Friday 8 March 2024

Continuation of Desperation in Wuhan & Introduction to Smoking Hostels China

Hefei was a missed and jumping back onto the bullet train to Wuhan at 7pm means it was now a mini adventure where things are no longer within any of my backup plans. 

Fueled with slight anger, frustation and the anxiety to find a place to sleep for the night in Wuhan, I deligently checked all the booking websites, marked all the potential hostels, address locations and made the thrid booking for a hostel within the same day.

Lack of preperation and focus on finding a place to stay in Wuhan left me a bit distracted while inside the train. At one point I was not sure which station in Wuhan was the train going to stop and missing the stop might just shoot me to another city which I would be totally unprepared. 

Wuhan while slightly off tangent, was still part of the route I had laid out previously. I resorted to asking the passanger next to me which stop was my ticket showing and he told me it was the immediate next one.

Wang was a curious one. My lack of ability to read yet able to ask him specific questions in mandarin made him engage and asked me a few questions. Once the ice was broken that I was a tourist backpacking China, Wang warm up and asked more question on the mental and fortitude for travelling long time and to far away places alone.

The time was short as Wuhan was comming up real quick but Wang was also from Wuhan returning home. We exchange a quick wechat contact which would give me a local experience in Wuhan the next day. 

Wuhan Metro Token

I realized later that it was very common in China for one to exchange wechat only to never contact each other. It felt like a reminances of the asian trait that they would invite guest to their home as a friendly conversation whereby in the western culture invitation to home visit was a sacred privilage. In a way both cultures seam to have pass down the traits to phone contact etiquate.

Finding the Hostel in Wuhan

Arrived Wuhan and hit the metro navigating to the first hostel. I arrived a big tall building base on the GPS navigation but again there was no sign of where the hostel was. I made a guess and entered a lobby and asked a nice chap that was just standing there with his phone for help.

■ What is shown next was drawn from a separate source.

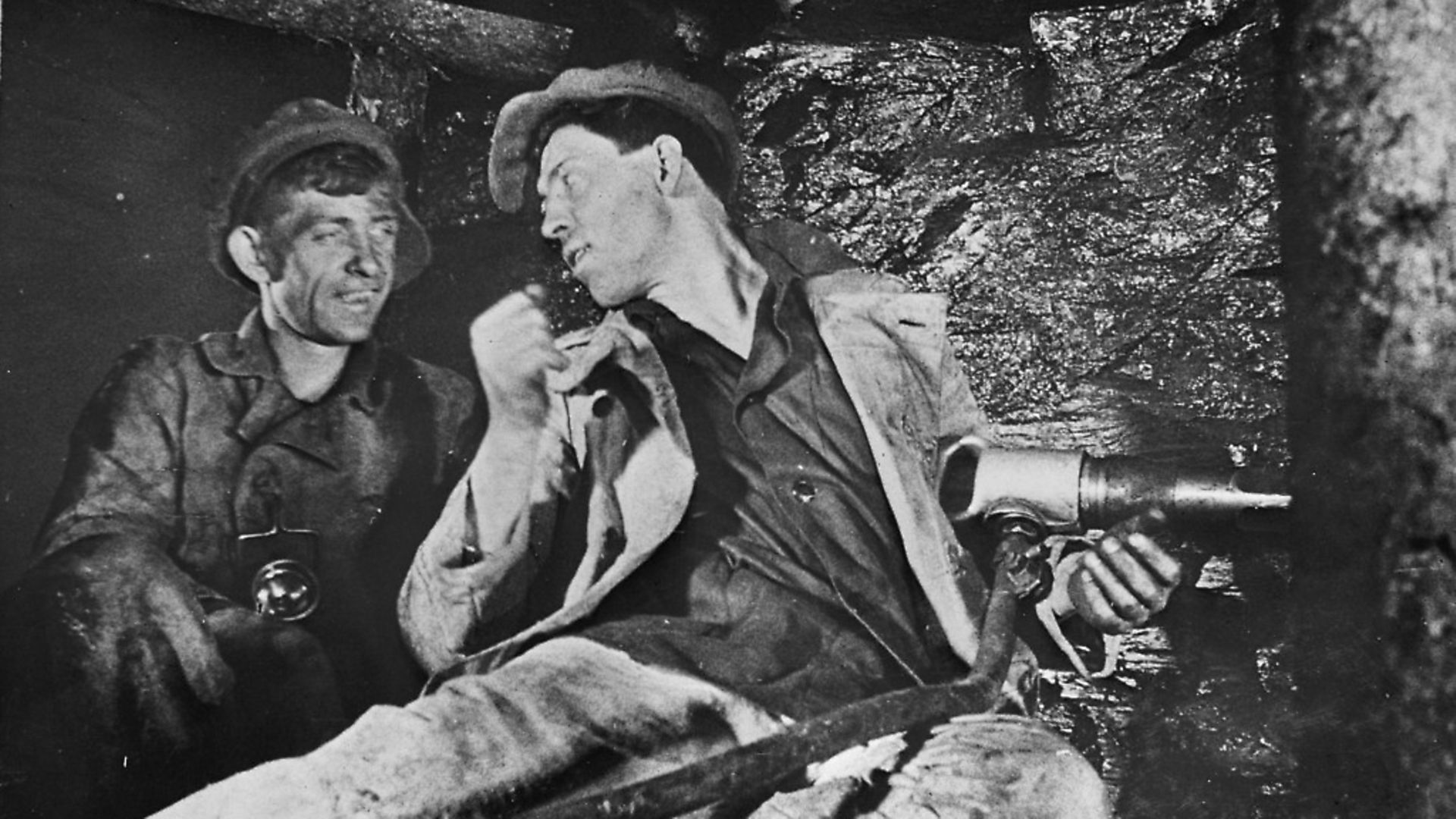 Alexey Stakhanov (right) explains his system to a fellow miner in the USSR between 1935 and 1945. Picture: Getty Images - Credit: Archant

He confirmed that I was at the right building and the right block and that I just needed to go upstairs to level 27.

This building elevator was crazy busy as well with so many people going in and out. Elevator was decked out with advertisement and each floor that stop seams to have some sort of establishment run out of the apartment such as gaming shop, nail shop, book shop etc. There was no signs for the hostel at level 27. I followed the noise and stepped into an apartment with everyone at the living room looking at me, I still did not know if I was at the right place.

View of Wuhan from the Hostel Window

A bro approached me and I asked him if this was the hostel, I actually showed him the info in English and he said not sure. Switched off translation mode and show him again and viola, yes this is the hostel. 

*internal facepalm* 

The hostel was basicly an appartment turned hostel. Suits me fine as it’s usually cosy for these type. They showed me the room and bunks which seams ok ... clean and then we negotiated the price per night.

A Clean but smoking dorm Hostel

I paid RMB 70 for three night which was within my budget and then he gave me a tour of the place. Toilet was clean but crap squat and looked messy as hell. Chucked my stuff .... got a shower and just as I was about to rest, a whiff of cig smoke could be smelled slowly passing though the room out the window. I will never understand the concept of a smoking dorm room in China.

The next day I woke up with a backache. The beds in China hostels seams to be following a trend. Made from timber nailed together and place with a 1 inch thick mattress loosely covered with bedsheets and a thick duvet. Heck the duvet is thicker than the mattress which became my dilemma to use is a a cover or a matress coz it’s also damn cold now pre-winter.

In a sense only the first hostel in Shanghai had a nice thick bed. I cant even tell if there is a bed now and feels more like I am sleeping on plank. Heck camping out and sleeping on the ground feels much more comfortable yet this looks like the norm in China budget hostels.

A typical Budget Hostel Setup in China. Check out the timber planks above.

And ontop the timber plan is a 1inch thick matress. 

Although I already paid RMB 70 for three nights, the lack of sleep due to constant whiff of cig smoke coupled with a messy toilet promt me to leave the place bright and early in the morning. I did not even bother to try and bargain back the money for the next two nights and just left with all my bags as this hostel with every stranger walking in and out freely felt like a theft waiting to happen.

Jumping to the second hostel in Wuhan and this one had the same arrangement albeit slightly improved. 1 inch thick mattress, clean toilets and no smoking inside the dorm. In total I spend RMB 100 for 4 nights but stayed only two so about RMB 50 per night. At this rate, I wont last long so for Yichang I am hoping to catch two nights at a HOTEL with proper bed and hopefully recharge.

Wuhan is not cutting it for me to rest and see so with the money spend on 4 nights in hostel but staying only two night, I’ll make a quicker dash for Yichang. Thinking back, if I had found a good place to stay in Wuhan, this city had so much potential to explore that I would probabaly be stuck in Wuhan a week.